Job Description
We are seeking a highly capable AI/ML Engineer to join as one of the first hires in a new startup. This role involves building the technical foundation of an AI-powered product from the ground up. You will design, implement, and optimize the core AI systems — including retrieval-augmented generation (RAG) pipelines, vector search, and backend integrations — while working closely with a small founding team.
This is a hands-on engineering role where you’ll directly shape the first working demo, then have the opportunity to transition into a full-time leadership position with equity. As an early-stage startup, there is also significant long-term potential to grow into a CTO role.
Responsibilities
- Ingest and preprocess text data into structured knowledge bases.
- Design and implement RAG pipelines with large language models.
- Integrate vector databases (Pinecone, Weaviate, FAISS, Milvus).
- Build and maintain backend services/APIs for embeddings and retrieval.
- Engineer and refine prompt templates for tone and style consistency.
- Implement safety and compliance guardrails in generation workflows.

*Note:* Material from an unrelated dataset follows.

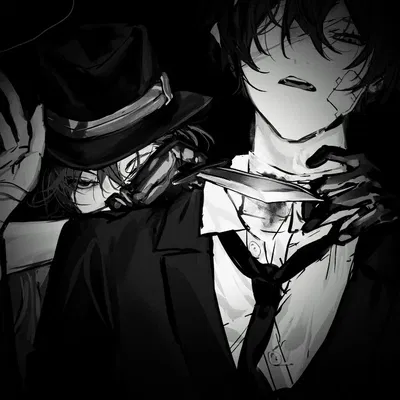 Dazai Osamu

- Deploy to the cloud, monitor latency and costs, and optimize performance.
- Secure sensitive assets such as prompts, datasets, and API keys.

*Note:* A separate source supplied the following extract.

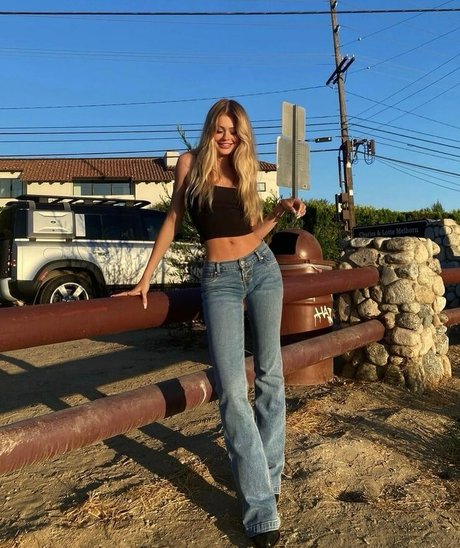 Natalie Ganzhorn OnlyFans Nacktbilder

- Collaborate with frontend developers and designers for demo integration.
Required Technical Skills
- Advanced Python programming.
- Strong experience with OpenAI API (GPT-4/5) or comparable LLMs.
- Proficiency with LangChain, LlamaIndex, or related frameworks.

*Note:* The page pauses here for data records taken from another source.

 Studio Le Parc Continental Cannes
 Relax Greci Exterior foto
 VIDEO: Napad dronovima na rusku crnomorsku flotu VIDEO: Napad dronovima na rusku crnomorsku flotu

- Vector search expertise (Pinecone, Weaviate, FAISS, Milvus).
- Backend/API development (FastAPI, Flask, or equivalent).
- Databases: Postgres, MongoDB, or equivalent.
- Cloud deployment: AWS, GCP, or Azure; Docker and Kubernetes.
- CI/CD pipelines and Git-based workflows.
- Security practices for API, IAM, and data handling.
Preferred Skills
- Fine-tuning or customizing LLMs (LoRA, adapters).
- Experience deploying RAG pipelines at production scale.
- Speech-to-text and text-to-speech integration.
- Familiarity with ElevenLabs, HeyGen and other voice/video AI tools.
- Real-time chat or streaming API systems.
- Previous exposure to fintech, edtech, or regulated domains.
Compensation & Growth
- Initial Stage (Demo Build): $135K–$165K/year.
- Future: Opportunity to convert into a full-time role with equity participation.
- As an early hire, potential to advance into CTO-level leadership as the company grows.